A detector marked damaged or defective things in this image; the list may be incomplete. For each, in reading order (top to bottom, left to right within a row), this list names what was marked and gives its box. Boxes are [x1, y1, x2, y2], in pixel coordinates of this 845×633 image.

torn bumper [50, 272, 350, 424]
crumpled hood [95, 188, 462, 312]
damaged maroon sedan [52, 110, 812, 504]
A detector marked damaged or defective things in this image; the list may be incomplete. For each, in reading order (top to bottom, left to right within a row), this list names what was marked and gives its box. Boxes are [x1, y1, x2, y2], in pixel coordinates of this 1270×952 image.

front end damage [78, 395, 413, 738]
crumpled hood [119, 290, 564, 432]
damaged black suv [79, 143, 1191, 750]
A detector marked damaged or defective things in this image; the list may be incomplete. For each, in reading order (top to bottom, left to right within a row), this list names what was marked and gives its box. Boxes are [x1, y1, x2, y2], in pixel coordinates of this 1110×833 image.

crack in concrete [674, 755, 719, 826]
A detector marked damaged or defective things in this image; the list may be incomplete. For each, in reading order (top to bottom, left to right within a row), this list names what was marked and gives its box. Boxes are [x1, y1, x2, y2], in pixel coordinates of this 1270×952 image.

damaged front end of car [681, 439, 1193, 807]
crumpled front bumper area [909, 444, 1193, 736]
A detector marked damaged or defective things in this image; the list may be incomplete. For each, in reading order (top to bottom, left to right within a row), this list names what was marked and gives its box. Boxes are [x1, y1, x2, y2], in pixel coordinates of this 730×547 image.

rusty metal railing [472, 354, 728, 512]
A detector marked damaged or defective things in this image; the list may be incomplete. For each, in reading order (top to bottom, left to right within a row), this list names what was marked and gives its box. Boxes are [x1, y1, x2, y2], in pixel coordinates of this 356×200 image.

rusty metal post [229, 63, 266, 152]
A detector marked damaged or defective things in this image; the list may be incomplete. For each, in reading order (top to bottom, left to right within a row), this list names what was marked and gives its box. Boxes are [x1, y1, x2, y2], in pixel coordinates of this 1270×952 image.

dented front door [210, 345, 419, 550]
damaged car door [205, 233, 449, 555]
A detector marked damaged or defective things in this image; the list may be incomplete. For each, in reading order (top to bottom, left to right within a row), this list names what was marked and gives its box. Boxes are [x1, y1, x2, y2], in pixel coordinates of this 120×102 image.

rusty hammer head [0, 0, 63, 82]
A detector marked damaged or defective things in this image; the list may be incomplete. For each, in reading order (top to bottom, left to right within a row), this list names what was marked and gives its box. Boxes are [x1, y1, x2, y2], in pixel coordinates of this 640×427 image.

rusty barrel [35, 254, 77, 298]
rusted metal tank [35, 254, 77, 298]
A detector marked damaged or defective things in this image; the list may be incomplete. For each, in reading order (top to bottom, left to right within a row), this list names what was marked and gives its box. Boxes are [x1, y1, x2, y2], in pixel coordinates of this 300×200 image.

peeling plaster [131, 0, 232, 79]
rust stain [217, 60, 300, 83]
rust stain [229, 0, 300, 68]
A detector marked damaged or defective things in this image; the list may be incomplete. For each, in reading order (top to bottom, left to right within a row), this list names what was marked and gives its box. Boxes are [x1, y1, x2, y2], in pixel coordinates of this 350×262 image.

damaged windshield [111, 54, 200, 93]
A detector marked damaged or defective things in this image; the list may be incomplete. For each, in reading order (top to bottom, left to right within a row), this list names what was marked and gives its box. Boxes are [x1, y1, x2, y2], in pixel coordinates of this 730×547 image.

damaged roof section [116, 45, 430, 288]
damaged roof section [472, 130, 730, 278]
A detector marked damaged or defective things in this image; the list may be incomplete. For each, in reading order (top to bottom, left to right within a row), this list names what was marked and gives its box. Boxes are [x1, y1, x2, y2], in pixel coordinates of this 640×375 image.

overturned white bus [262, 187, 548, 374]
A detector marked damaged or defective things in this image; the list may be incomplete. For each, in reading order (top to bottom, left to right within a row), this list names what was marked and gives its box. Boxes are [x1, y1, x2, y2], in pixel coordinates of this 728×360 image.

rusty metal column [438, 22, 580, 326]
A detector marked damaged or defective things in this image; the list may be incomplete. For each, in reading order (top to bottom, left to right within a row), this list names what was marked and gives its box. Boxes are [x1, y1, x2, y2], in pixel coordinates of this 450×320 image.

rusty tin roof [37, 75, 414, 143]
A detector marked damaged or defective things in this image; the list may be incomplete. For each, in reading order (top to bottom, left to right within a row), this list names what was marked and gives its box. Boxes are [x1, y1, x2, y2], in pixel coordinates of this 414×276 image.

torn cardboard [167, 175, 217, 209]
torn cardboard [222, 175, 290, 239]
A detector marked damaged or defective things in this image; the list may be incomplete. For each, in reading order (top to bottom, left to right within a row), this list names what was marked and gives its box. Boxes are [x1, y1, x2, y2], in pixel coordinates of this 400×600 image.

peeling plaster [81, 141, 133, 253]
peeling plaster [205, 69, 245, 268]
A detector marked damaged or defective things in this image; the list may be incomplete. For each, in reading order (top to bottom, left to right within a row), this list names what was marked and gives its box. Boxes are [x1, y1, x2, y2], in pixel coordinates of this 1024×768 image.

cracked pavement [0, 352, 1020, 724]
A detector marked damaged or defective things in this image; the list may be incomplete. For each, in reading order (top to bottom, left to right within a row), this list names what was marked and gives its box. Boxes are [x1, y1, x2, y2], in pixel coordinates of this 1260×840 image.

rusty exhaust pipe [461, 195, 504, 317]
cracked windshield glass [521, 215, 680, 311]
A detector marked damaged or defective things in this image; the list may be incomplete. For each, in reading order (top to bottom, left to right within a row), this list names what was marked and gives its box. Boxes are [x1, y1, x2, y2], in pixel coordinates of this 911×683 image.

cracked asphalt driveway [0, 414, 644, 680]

### Your instructions
Send back the complete set of entries, exactly as shown above.

### Answer box
A detector marked damaged or defective things in this image; the list may be incomplete. For each, in reading order (top to bottom, left to right within a row), this list names what was marked and gives its box. Boxes are [x1, y1, x2, y2], in pixel coordinates of this 845×633 image.

torn bumper [50, 272, 350, 424]
crumpled hood [95, 188, 462, 312]
damaged maroon sedan [52, 110, 812, 504]
A detector marked damaged or defective things in this image; the list may be incomplete. For each, in reading order (top to bottom, left to right within a row), this list names what was marked and gives its box. Boxes are [x1, y1, x2, y2], in pixel coordinates of this 1270×952 image.

front end damage [78, 395, 413, 738]
crumpled hood [119, 290, 564, 432]
damaged black suv [79, 143, 1191, 750]
A detector marked damaged or defective things in this image; the list may be incomplete. For each, in reading order (top to bottom, left to right within a row), this list names what was marked and gives its box. Boxes are [x1, y1, x2, y2], in pixel coordinates of this 1110×833 image.

crack in concrete [674, 755, 719, 826]
A detector marked damaged or defective things in this image; the list may be incomplete. For each, in reading order (top to bottom, left to right within a row), this list names what was marked and gives its box. Boxes are [x1, y1, x2, y2], in pixel coordinates of this 1270×952 image.

damaged front end of car [681, 439, 1193, 807]
crumpled front bumper area [909, 444, 1193, 736]
A detector marked damaged or defective things in this image; the list may be incomplete. For each, in reading order (top to bottom, left to right within a row), this list names what was marked and gives its box. Boxes are [x1, y1, x2, y2], in pixel coordinates of this 730×547 image.

rusty metal railing [472, 354, 728, 512]
A detector marked damaged or defective things in this image; the list may be incomplete. For each, in reading order (top to bottom, left to right within a row), this list names what was marked and gives its box. Boxes are [x1, y1, x2, y2], in pixel coordinates of this 356×200 image.

rusty metal post [229, 63, 266, 152]
A detector marked damaged or defective things in this image; the list may be incomplete. For each, in reading order (top to bottom, left to right within a row), this list names what was marked and gives its box. Boxes are [x1, y1, x2, y2], in pixel coordinates of this 1270×952 image.

dented front door [210, 345, 419, 550]
damaged car door [205, 233, 449, 555]
A detector marked damaged or defective things in this image; the list may be incomplete. For each, in reading order (top to bottom, left to right within a row), this list names what was marked and gives its box. Boxes are [x1, y1, x2, y2], in pixel coordinates of this 120×102 image.

rusty hammer head [0, 0, 63, 82]
A detector marked damaged or defective things in this image; the list may be incomplete. For each, in reading order (top to bottom, left to right within a row), this list names what was marked and gives its box. Boxes are [x1, y1, x2, y2], in pixel coordinates of this 640×427 image.

rusty barrel [35, 254, 77, 298]
rusted metal tank [35, 254, 77, 298]
A detector marked damaged or defective things in this image; the list may be incomplete. For each, in reading order (top to bottom, left to right within a row), this list names what was marked and gives its box. Boxes are [x1, y1, x2, y2], in pixel coordinates of this 300×200 image.

peeling plaster [131, 0, 232, 79]
rust stain [217, 60, 300, 83]
rust stain [229, 0, 300, 68]
A detector marked damaged or defective things in this image; the list may be incomplete. For each, in reading order (top to bottom, left to right within a row), this list names what was marked and gives its box. Boxes are [x1, y1, x2, y2], in pixel coordinates of this 350×262 image.

damaged windshield [111, 54, 200, 93]
A detector marked damaged or defective things in this image; the list may be incomplete. For each, in reading order (top to bottom, left to right within a row), this list names what was marked and gives its box. Boxes are [x1, y1, x2, y2], in pixel coordinates of this 730×547 image.

damaged roof section [116, 45, 430, 288]
damaged roof section [472, 130, 730, 278]
A detector marked damaged or defective things in this image; the list may be incomplete. For each, in reading order (top to bottom, left to right within a row), this list names what was marked and gives its box. Boxes are [x1, y1, x2, y2], in pixel coordinates of this 640×375 image.

overturned white bus [262, 187, 548, 374]
A detector marked damaged or defective things in this image; the list may be incomplete. For each, in reading order (top to bottom, left to right within a row), this list names what was marked and gives its box. Boxes are [x1, y1, x2, y2], in pixel coordinates of this 728×360 image.

rusty metal column [438, 22, 580, 326]
A detector marked damaged or defective things in this image; the list may be incomplete. For each, in reading order (top to bottom, left to right within a row), this list names what was marked and gives its box. Boxes are [x1, y1, x2, y2], in pixel coordinates of this 450×320 image.

rusty tin roof [37, 75, 414, 143]
A detector marked damaged or defective things in this image; the list may be incomplete. For each, in reading order (top to bottom, left to right within a row), this list names what was marked and gives its box. Boxes are [x1, y1, x2, y2], in pixel coordinates of this 414×276 image.

torn cardboard [167, 175, 217, 209]
torn cardboard [222, 175, 290, 239]
A detector marked damaged or defective things in this image; the list may be incomplete. For each, in reading order (top to bottom, left to right within a row), this list names what was marked and gives its box. Boxes are [x1, y1, x2, y2], in pixel coordinates of this 400×600 image.

peeling plaster [81, 141, 133, 253]
peeling plaster [205, 69, 245, 268]
A detector marked damaged or defective things in this image; the list may be incomplete. For each, in reading order (top to bottom, left to right within a row), this list names what was marked and gives its box. Boxes are [x1, y1, x2, y2], in pixel coordinates of this 1024×768 image.

cracked pavement [0, 352, 1020, 724]
A detector marked damaged or defective things in this image; the list may be incomplete. For each, in reading order (top to bottom, left to right within a row), this list names what was marked and gives its box. Boxes are [x1, y1, x2, y2], in pixel coordinates of this 1260×840 image.

rusty exhaust pipe [461, 195, 504, 317]
cracked windshield glass [521, 215, 680, 311]
A detector marked damaged or defective things in this image; the list may be incomplete. For each, in reading order (top to bottom, left to right within a row), this list names what was marked and gives its box. Boxes are [x1, y1, x2, y2], in pixel coordinates of this 911×683 image.

cracked asphalt driveway [0, 414, 644, 680]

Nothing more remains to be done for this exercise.